[[ Provided material open ]]

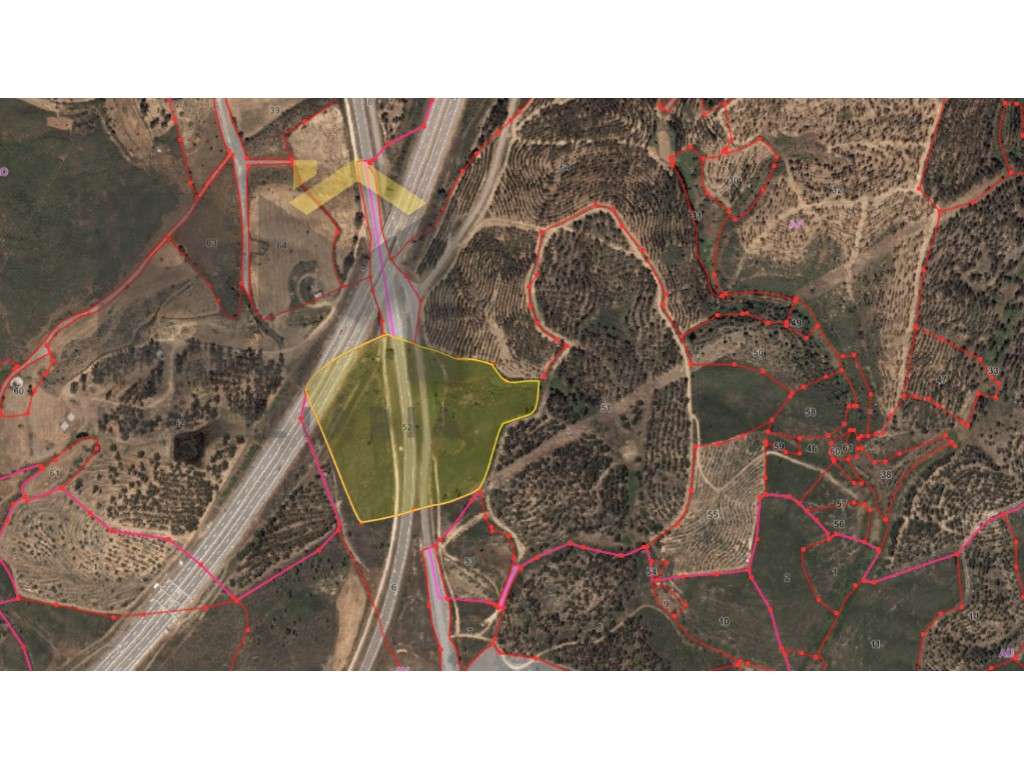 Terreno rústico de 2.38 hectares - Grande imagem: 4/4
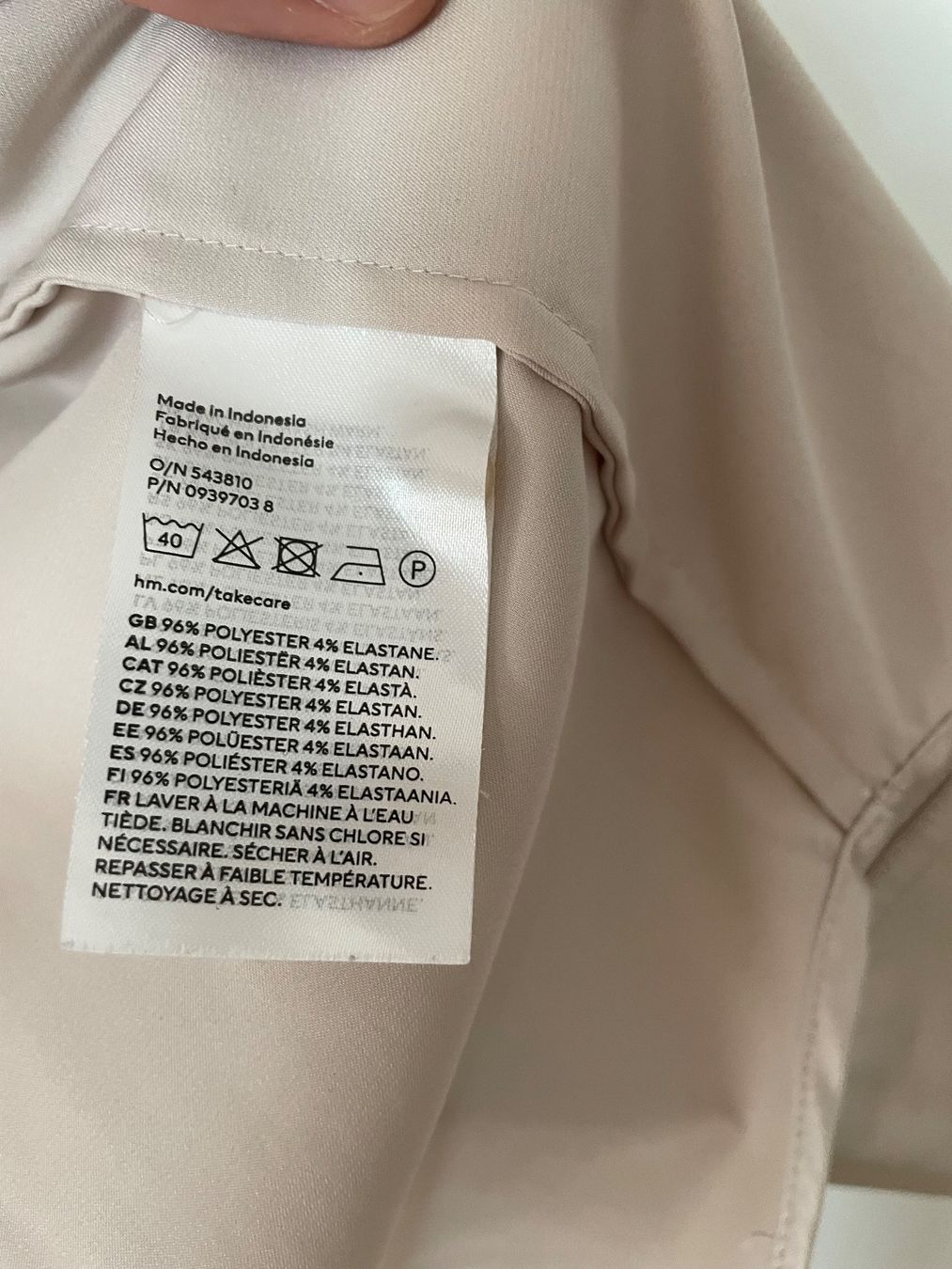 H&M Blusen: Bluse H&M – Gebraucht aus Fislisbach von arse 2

[[ Provided material closed ]]
[[ Provided material open ]]

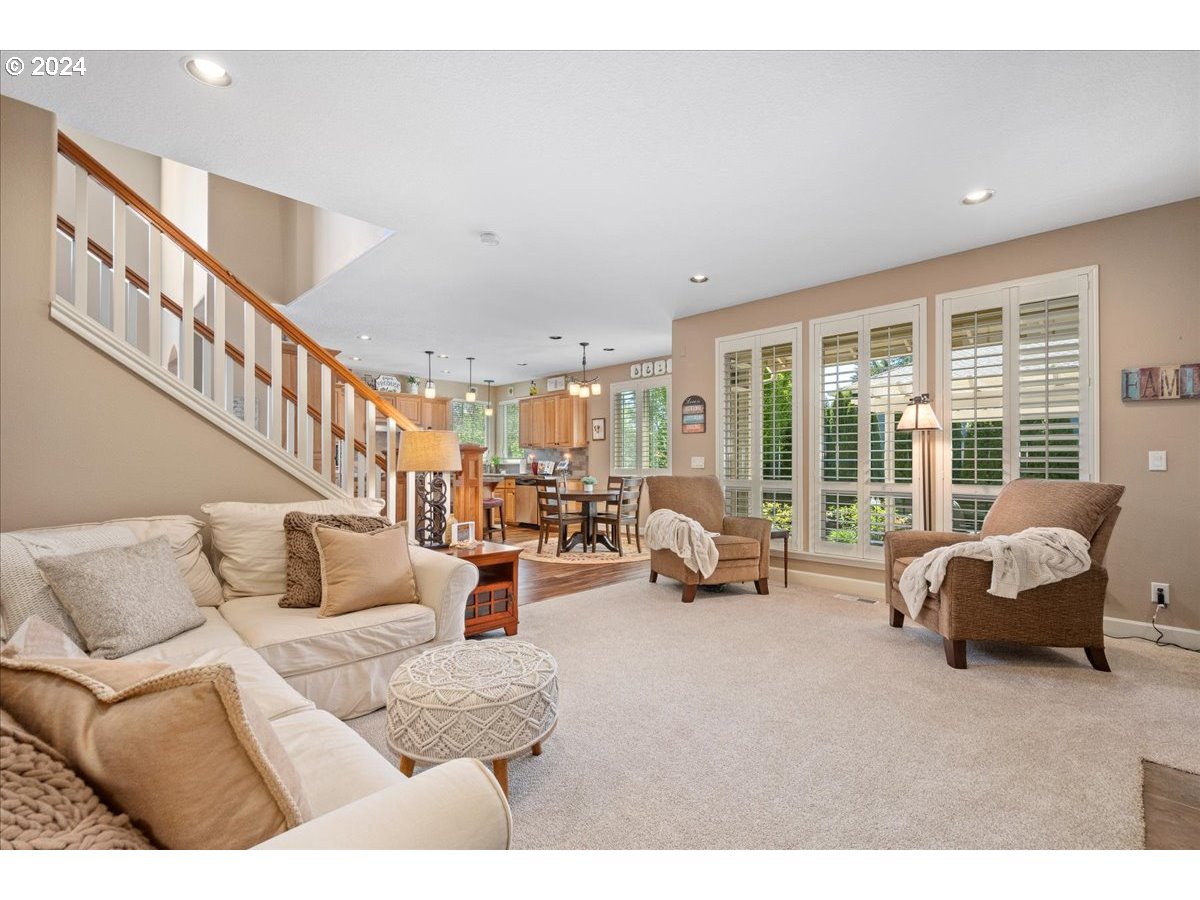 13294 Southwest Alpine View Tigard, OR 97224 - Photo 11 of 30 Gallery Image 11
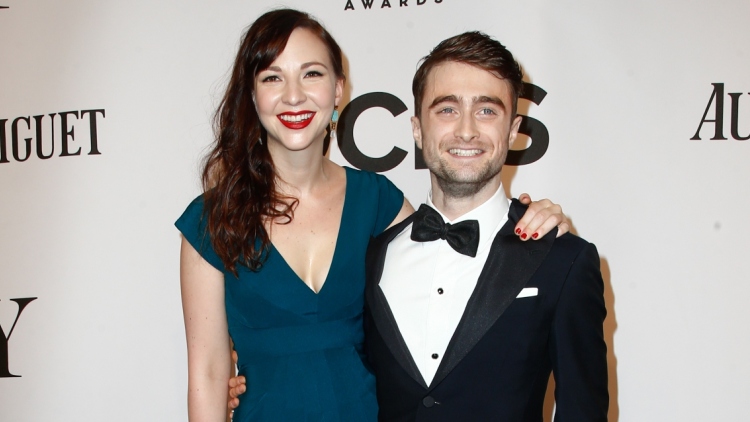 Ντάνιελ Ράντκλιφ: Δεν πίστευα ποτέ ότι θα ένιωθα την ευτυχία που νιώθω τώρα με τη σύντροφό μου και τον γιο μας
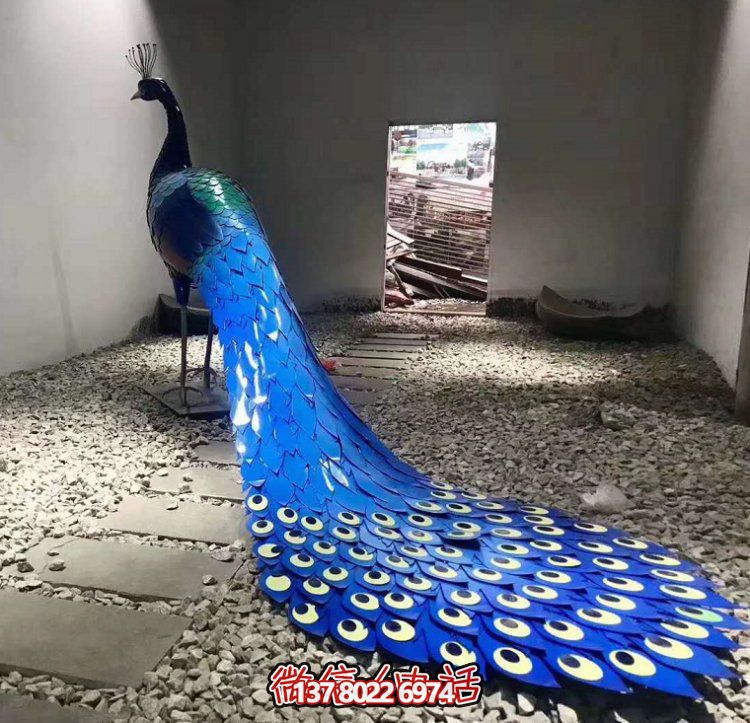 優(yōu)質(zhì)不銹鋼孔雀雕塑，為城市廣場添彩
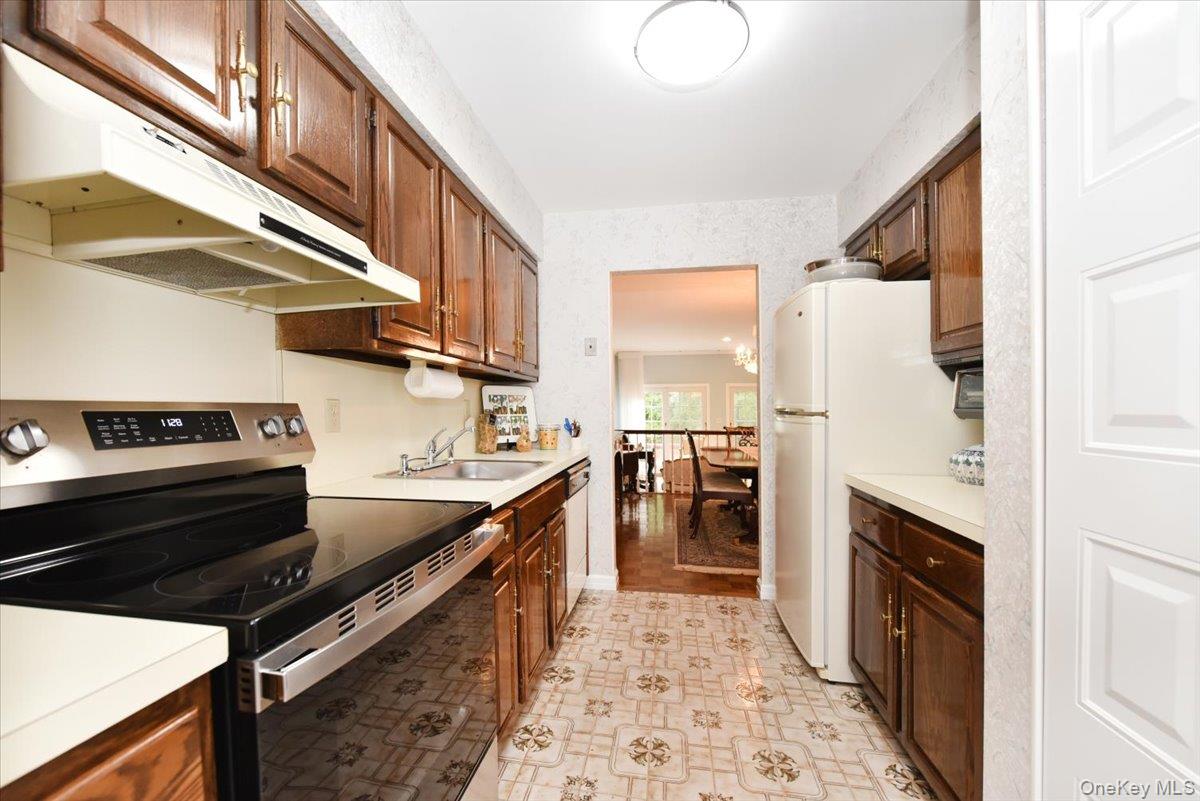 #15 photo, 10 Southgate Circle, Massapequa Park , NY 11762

[[ Provided material closed ]]

* Problem statement
Look above for the line with "Ντάνιελ Ράντκλιφ: Δεν"; quote it and every line after it, stopping after the line with "#15 photo, 10", exactly, with nothing added and without pictures.

* Response for this exercise
 Ντάνιελ Ράντκλιφ: Δεν πίστευα ποτέ ότι θα ένιωθα την ευτυχία που νιώθω τώρα με τη σύντροφό μου και τον γιο μας
 優(yōu)質(zhì)不銹鋼孔雀雕塑，為城市廣場添彩
 #15 photo, 10 Southgate Circle, Massapequa Park , NY 11762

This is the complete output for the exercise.